My boys do not know anyone who has died of COVID-19. About the only real suffering in their life, so far, is that their beloved summer camp was cancelled this year.

In Bangkok, the virus has, for some reason, not spread with the same ferocity as in other big cities. We are on quasi-lockdown but we can put on our masks and walk the dog by the canal. Some restaurants and salons have reopened. The flame trees blaze with vermilion flowers, and the frangipani’s fragrance is at its most intense in May, before the monsoons move in.

For online learning, we have experiments on mould growing on our kitchen counter. We can bake the bread needed to do those experiments. The grocery stores are full.

But part of me is that parent, after all. I want them to understand how fortunate they are, in the middle of a pandemic when my friends’ parents are dying and a woman in Bangkok swallows rat poison in front of a government building because her coronavirus relief check never came. (She survived.)

When their room is a maelstrom of stuffed animals, Legos and puddles of slime — some metallic, some glow in the dark, all of it extremely adhesive — I sometimes resort to threats to take it all away.

That’s what happens to so many children I meet as a reporter, I tell them. One moment, they are sniping at their siblings and avoiding taking the dog out, and the next moment their lives are lived purely for survival. There is no time to grab the glow-in-the-dark slime.

In 2017, while covering the exodus of Rohingya Muslims from Myanmar into neighbouring Bangladesh, I watched a boy, no older than 3 or 4, slip-slide down a muddy forest path amid unrelenting rain. He wore only a shirt and his legs squelched in the muck with every step. Over his head, he balanced a vivid green jungle leaf, nature’s umbrella.

I have thought of that boy many times since, how he escaped ethnic cleansing in his village with only the shirt on his back, how he walked through the forest with impossibly erect posture, how his chubby hand held that oversized leaf aloft like a banner.

When my children came home from school one day in March, with breathless news that school would soon be suspended, I thought of the Rohingya boy again. When he and his family took flight, he did not know that his village would be burned down. He did not know that the rest of his childhood would, almost assuredly, be spent in a warren of tents in a refugee camp.

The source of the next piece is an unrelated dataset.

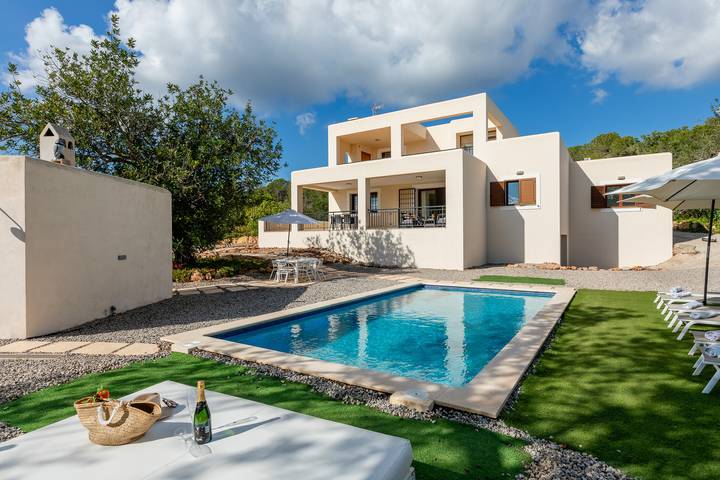 Ferienhaus für 6 Personen, mit Terrasse und Garten in Platja es Figueral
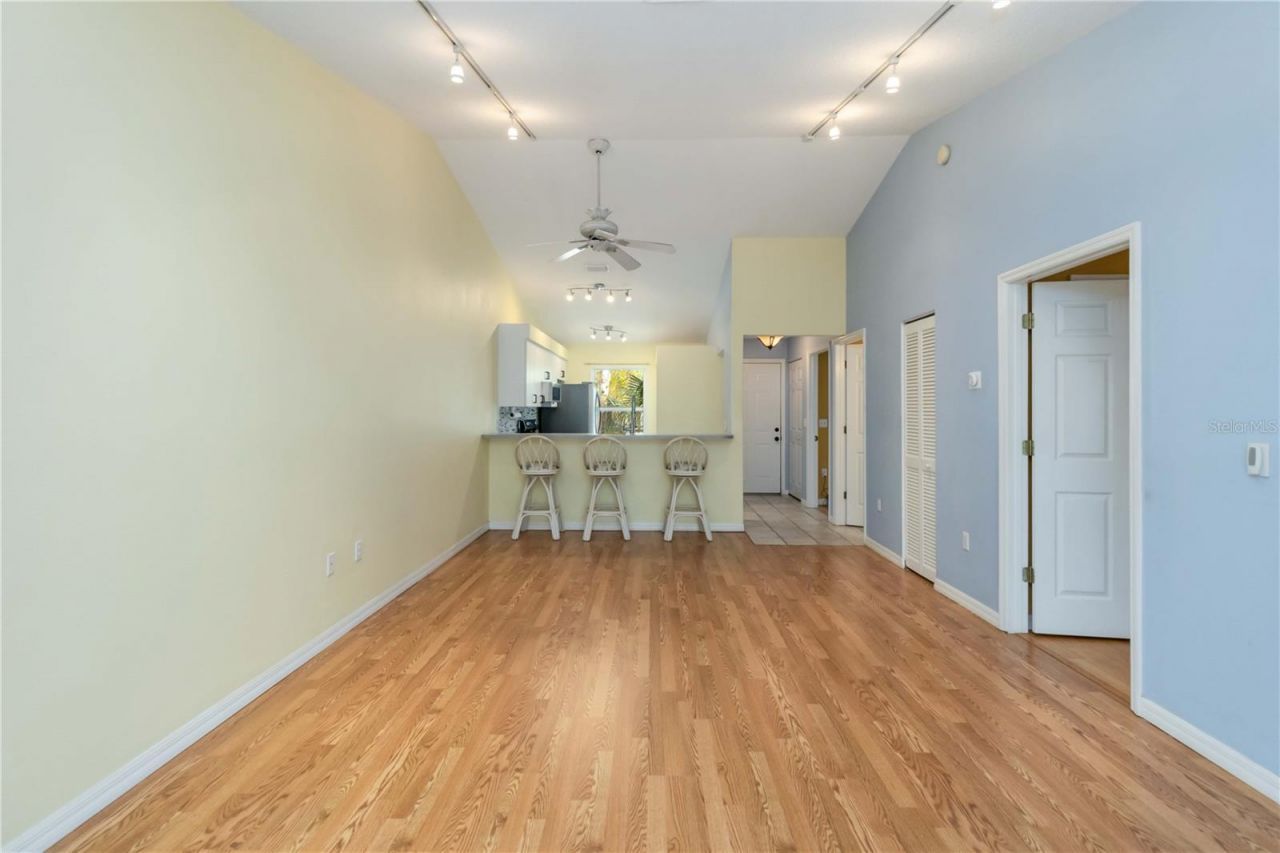 642 N Jefferson Avenue, Unit 13, Sarasota, FL 34237 Photo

I listen amid pre-monsoon rains as my older son sings with his school choir, the voices reverberating through 14 computers spread across Bangkok, all just a little bit off.

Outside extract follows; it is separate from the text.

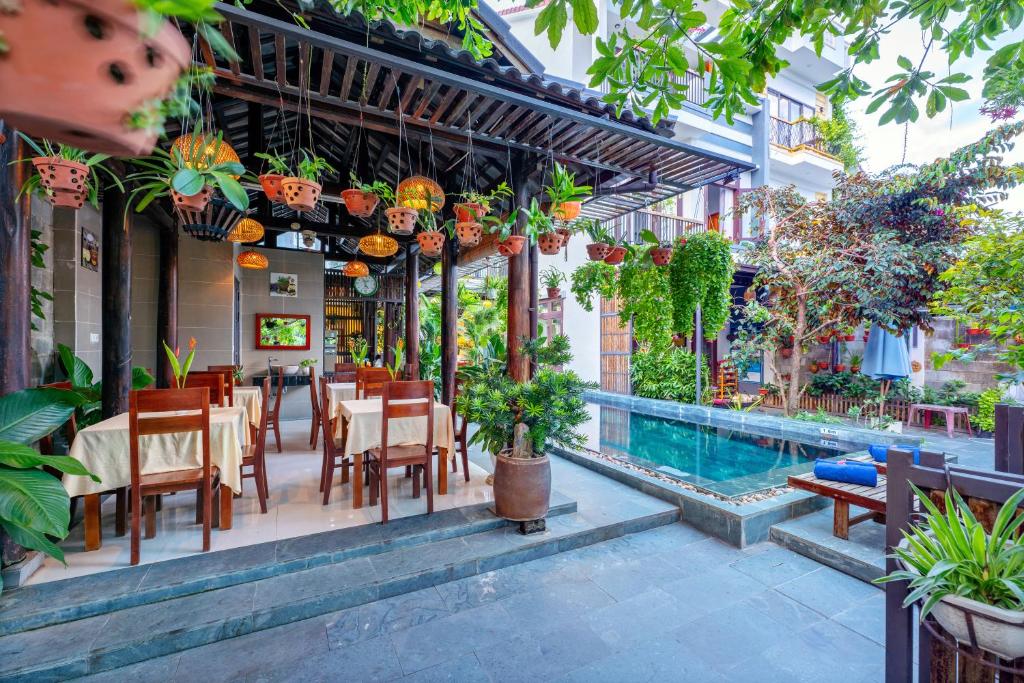 Sands River Hoi An Villa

I watch as my younger son designs a quarantine lunch for his school project, a steak sandwich with black pepper wine sauce, melted cheddar and pickled peppers. We have steak, wine and even okra, which, as it happens, they love.

My older boy is learning how to play Pachelbel’s Canon in D on the piano. He FaceTimes with his teacher. I hate and love the composition with equal measure, the way the chords progress with no way out except for that syrupy conclusion. Johann Pachelbel’s first wife, I read, died in the plague.

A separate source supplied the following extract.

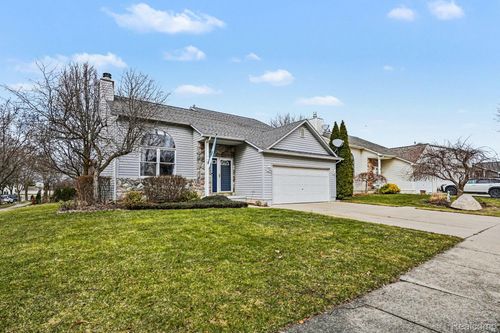 761 Peppermill Cir, Lapeer, MI, 48446-2677 | Card Image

My husband and I are making the boys keep quarantine journals. Mostly, they record the monotony of lockdown, an endless loop of meals and snacks, online classes and games of Poison in the parking lot of our apartment building. They plan out the menus for their day of cooking, on Saturday, when they break Pyrex measuring cups and cube tofu for miso soup.

They are lucky, my boys, and I want them to know it. But like any parent, I also indulge in a bit of magic, pretending that life in lockdown can be as full as what exists beyond the confines of quarantine.